# Source data
=== Begin Enclosure ===
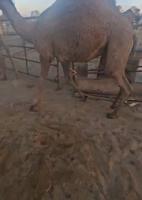 إعلان عن بيع وشراء قعدان يوجد قعدان محليه بريه شي طيب السعرعلى حسب طلب القعود ا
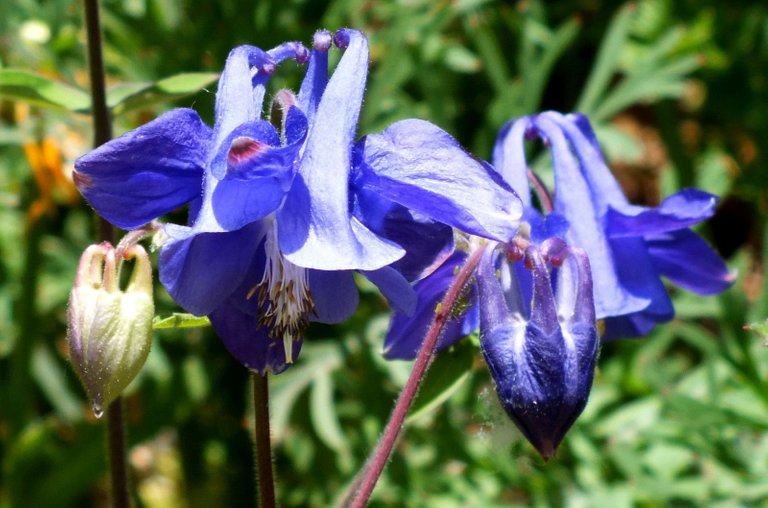 0371-Columbines.jpg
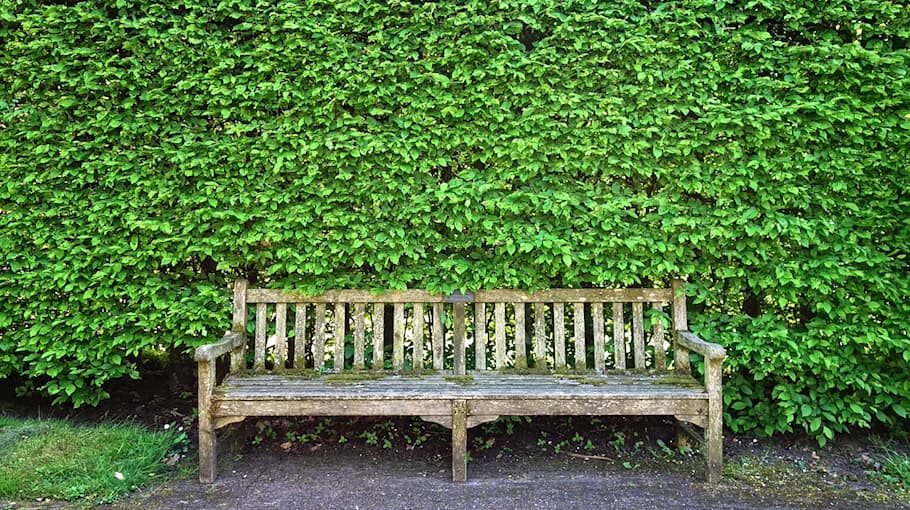 Heckenbrand in Zwickau-Auerbach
=== End Enclosure ===
The expected result is the data above in exact form, free of pictures.

 إعلان عن بيع وشراء قعدان يوجد قعدان محليه بريه شي طيب السعرعلى حسب طلب القعود ا
 0371-Columbines.jpg
 Heckenbrand in Zwickau-Auerbach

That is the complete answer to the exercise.